Quando se fala em tirar os brancos e deixar só índios na reserva parece que a tarefa seria como relocar Campinas, Fortaleza ou Camaçari, coisa que teria alto impacto ambiental, social e econômico. Quem pensa assim não conhece Uiramutã e Pacaraima, as cidades Lula poupadas do decreto presidencial para garantir a presença do governo na região.

Uiramutã, quase centenária, de grande só tem o quartel e a prefeitura. Nenhuma farmácia. Seu maior negócio é um supermercado com faturamento mensal de 20 mil, e isso porque o dono compra ouro de garimpos ilegais. A limpeza pública é feita por urubus que varejam as ruas. A segurança está entregue a uma matilha de cães vadios que latem para qualquer forasteiro – todos correm pra janela para vem quem está chegando. Não tem livraria, nem restaurante. Nem calçamento.

Polícia, juiz, promotor e advogado? Ninguém lembra quando foi a última vez que pintaram. Cartório de registro de imóveis é bom não ter, porque papéis, em Roraima, valem tanto quanto o vento – depois da criação da reserva fazendeiros estão negociando entre si títulos de propriedade frios, de olho numa futura indenização pelo governo.

Uiramutã só tem um padeiro. E basta. É um ex-soldado que aprendeu o ofício nos seus quatro anos de Exército. Em dia bom vende 60 pãezinhos. Ele é o ex-marido de uma das filhas do cacique dos macuxis, moça que se mudou para a capital cansada da miséria.

As reuniões da Câmara de Vereadores são concorridas, até por falta de lazer. Todos os moradores vão lá assistir. Metade cabe na sala e a outra fica do lado de fora – é costume local oferecer café às galerias.

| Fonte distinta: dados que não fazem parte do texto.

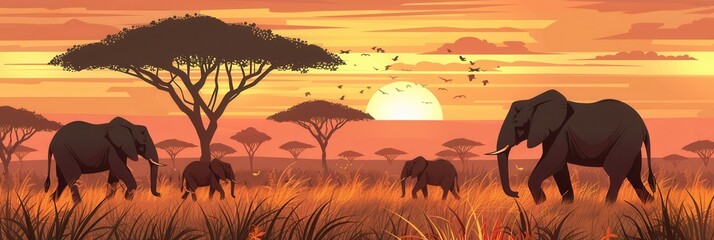 Aufkleber - A family of elephants walks peacefully through the tall grass of the African savanna, illuminated by the vibrant colors of sunset. Generative AI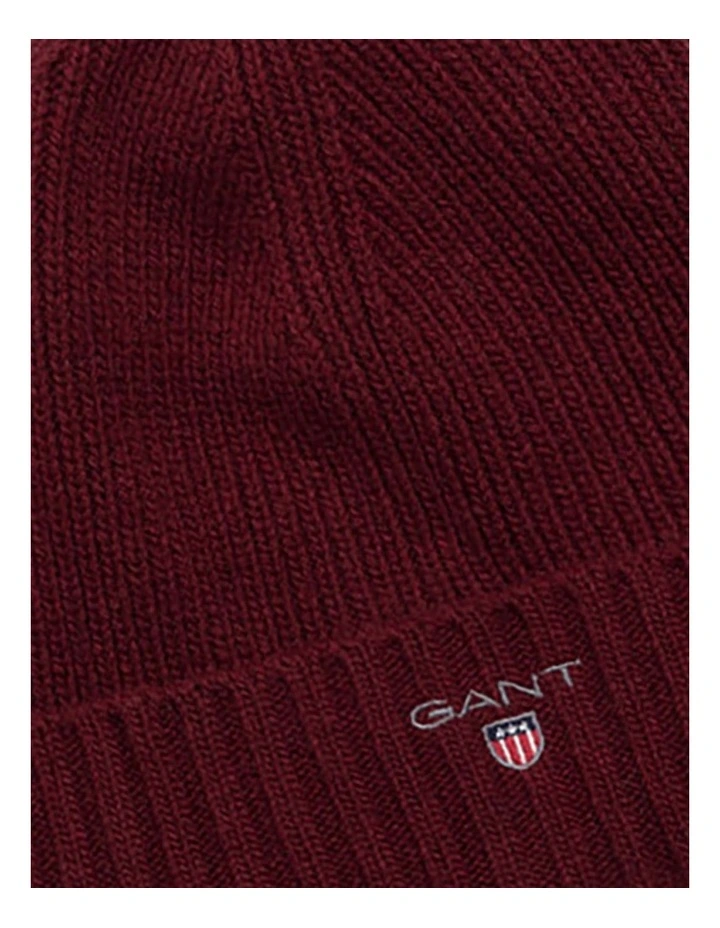 Gant Wool Linded Beanie In Cabernet Red 3 Gant Wool Linded Beanie In Cabernet Red - Image 3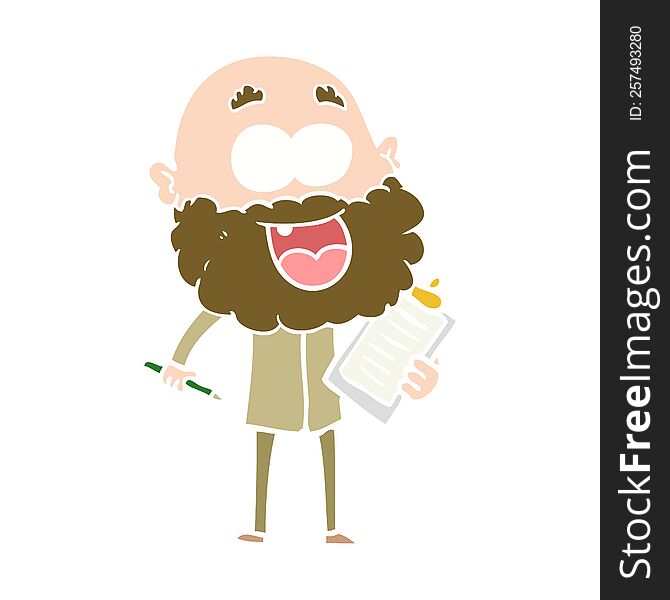 flat color style cartoon crazy happy man with beard and clip board for notes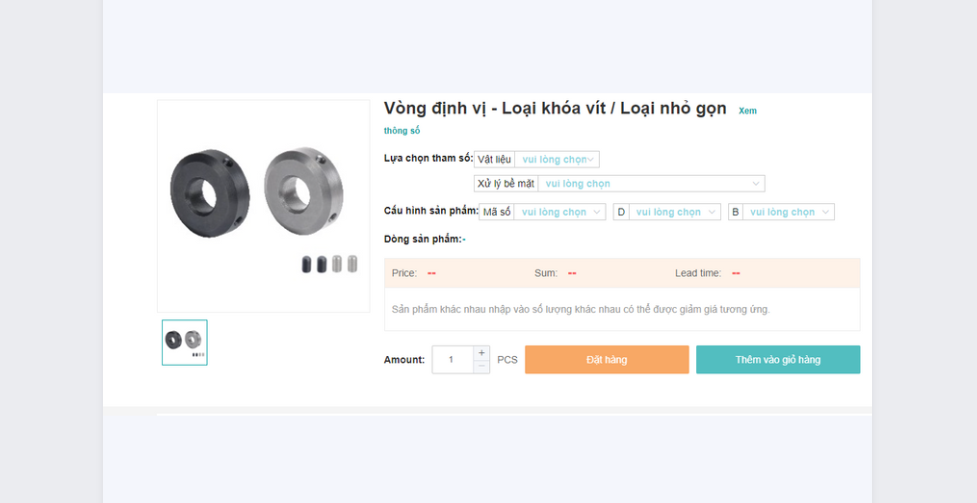 VÒNG ĐỊNH VỊ LOẠI KHÓA VÍT/ LOẠI NHỎ GỌN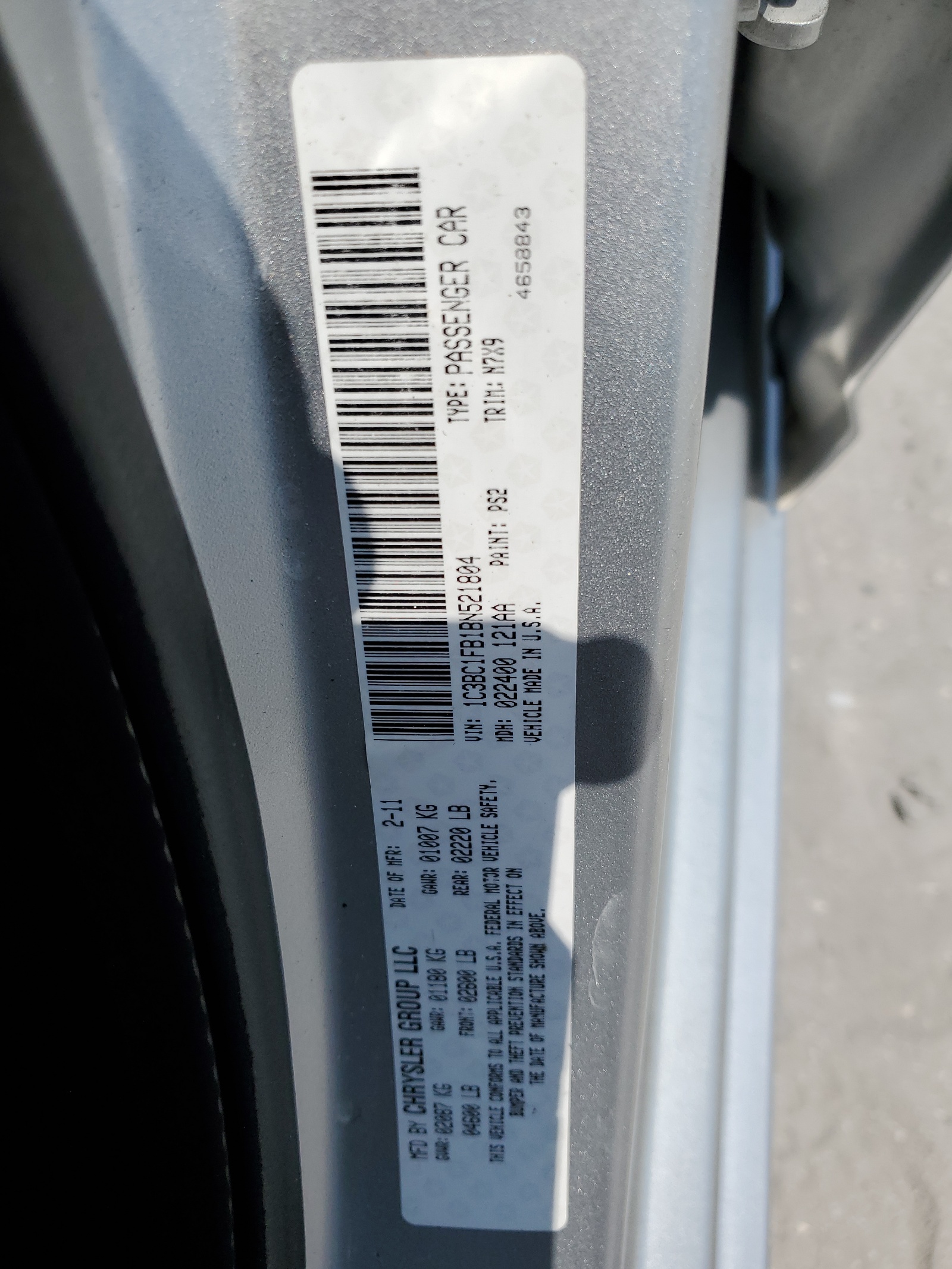 1C3BC1FB1BN521804 2011 Chrysler 200 Touring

A família da prefeita Flora Mota é dona do pedaço. O pai dela cuida dos negócios da municipalidade quando ela não está presente – a prefeita mora na capital. O pai conhece pelo nome cada eleitor. Quando algum vereador ousa criticar a filha na Câmara, alguém corre para avisá-lo. Aí ele vai lá, toma a palavra, mesmo sem mandato, rebate tudo.

Os moradores gostam do buraco onde vivem, até porque a maioria é pobre e não tem para onde ir. Se alguém se dispusesse a relocar toda a população da cidade, seria mais fácil do que assentar alguma turma do MST raivoso. Meia dúzia de ônibus e alguns caminhões de mudança fariam o serviço – o problema seria para onde levá-la.

Paracaima, na fronteira com a Venezuela, é um pouquinho maior do que Uiramutã, mas apenas um camelódromo. Tem lá algumas ruas calçadas, mas sua zona urbana está espremida. Começa onde termina a reserva indígena São Marcos, e no maior caos: a porta de entrada é um conjunto de casebres, sucata e caminhões velhos, estes usados para contrabandear gasolina.

As vilas no interiorzão destas cidades, que alguns políticos locais defendem como sendo assentamentos importantes para a soberania nacional, sequer constam dos mapas. Gente que vive na beira daquelas estradas não sabe nem informar onde ficam.